Each line of the data below containing "with" needs to be listed.
(DATA UNDER STUDY Opens)
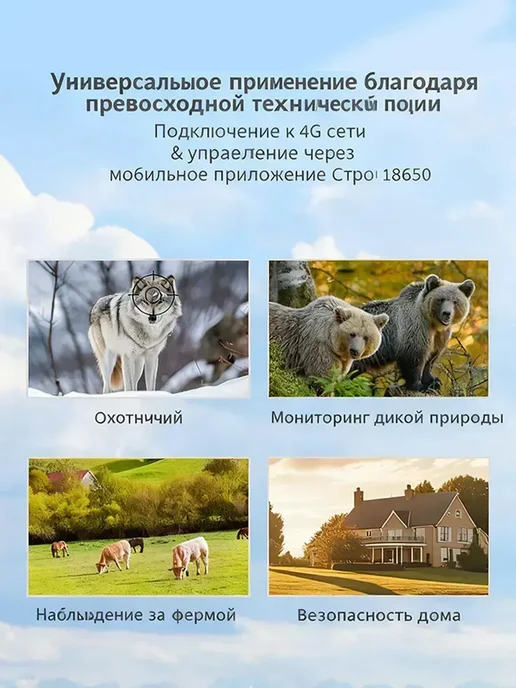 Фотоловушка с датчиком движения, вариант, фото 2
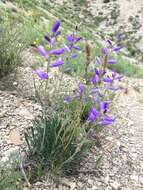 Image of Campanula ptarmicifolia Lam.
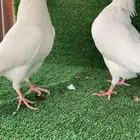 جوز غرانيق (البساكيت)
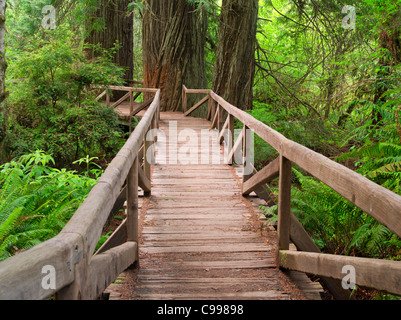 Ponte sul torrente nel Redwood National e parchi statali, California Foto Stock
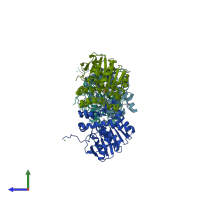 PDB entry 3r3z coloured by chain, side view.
(DATA UNDER STUDY Closes)
(DATA UNDER STUDY Opens)
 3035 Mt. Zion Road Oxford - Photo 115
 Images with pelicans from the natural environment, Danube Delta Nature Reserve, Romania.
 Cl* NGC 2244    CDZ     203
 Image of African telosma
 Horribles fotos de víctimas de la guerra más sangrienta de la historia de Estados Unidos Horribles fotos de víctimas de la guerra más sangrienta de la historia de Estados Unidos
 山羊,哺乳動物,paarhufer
(DATA UNDER STUDY Closes)
(DATA UNDER STUDY Opens)
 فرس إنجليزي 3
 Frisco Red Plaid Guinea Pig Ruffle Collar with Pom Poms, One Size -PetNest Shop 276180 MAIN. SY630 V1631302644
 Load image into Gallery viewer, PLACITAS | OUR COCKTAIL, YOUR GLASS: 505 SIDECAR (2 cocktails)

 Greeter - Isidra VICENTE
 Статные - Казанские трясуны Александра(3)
(DATA UNDER STUDY Closes)
**COMPLETED TASK**
 Images with pelicans from the natural environment, Danube Delta Nature Reserve, Romania.
 Frisco Red Plaid Guinea Pig Ruffle Collar with Pom Poms, One Size -PetNest Shop 276180 MAIN. SY630 V1631302644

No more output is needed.